# Cap Posting Mechanisms



## cameronjcornwell (Sep 14, 2019)

Hey there!

I'm relatively new to the whole world of pen making, and I'm going to need a lot of help as I take on my first project.

I'm currently working on a retro style, hooded nib pen. Something reminiscent of a Pelikan MK10 combined with a Parker 51. In examining other pens from that era, I've noticed that most post using a sort of cylindrical leaf spring built into the cap. Have any of you experimented with such a design? If not, what are some other ways of deeply and securely posting a cap?


----------



## Dalecamino (Sep 14, 2019)

Are you opposed to threads to match the cap?


----------



## cameronjcornwell (Sep 14, 2019)

While that would make the design easier to produce, it's a lot less convenient for everyday writing. I also feel like it would disrupt the pens design somewhat.

Is there a way to do a threaded post that would mitigate these issues?


----------



## bmachin (Sep 14, 2019)

Just taper the barrel until you get the fit that you want. It helps to bury the cap threads as deeply as you can into the cap. Something that can help that is to lengthen the barrel and shorten the grip section. 
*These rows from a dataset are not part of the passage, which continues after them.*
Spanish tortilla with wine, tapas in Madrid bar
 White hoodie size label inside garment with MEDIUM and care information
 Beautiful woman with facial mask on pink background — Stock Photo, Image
Hope that wasn’t too opaque. 

Bill


----------



## cameronjcornwell (Sep 14, 2019)

bmachin said:


> Just taper the barrel until you get the fit that you want. It helps to bury the cap threads as deeply as you can into the cap. Something that can help that is to lengthen the barrel and shorten the grip section.
> 
> Hope that wasn’t too opaque.
> 
> Bill


Gotcha! I see what you mean. I'll definately be cutting the threads deep in the cap. Maybe I could improve upon that idea by adding a couple o-rings to the inside of the cap. Something similar to the posting/capping mechanism in the Conid Minimalistica.


----------



## bmachin (Sep 15, 2019)

Give it a try without going to the trouble of messing with O-rings. I think you'll find that you're OK without them.

Bill


----------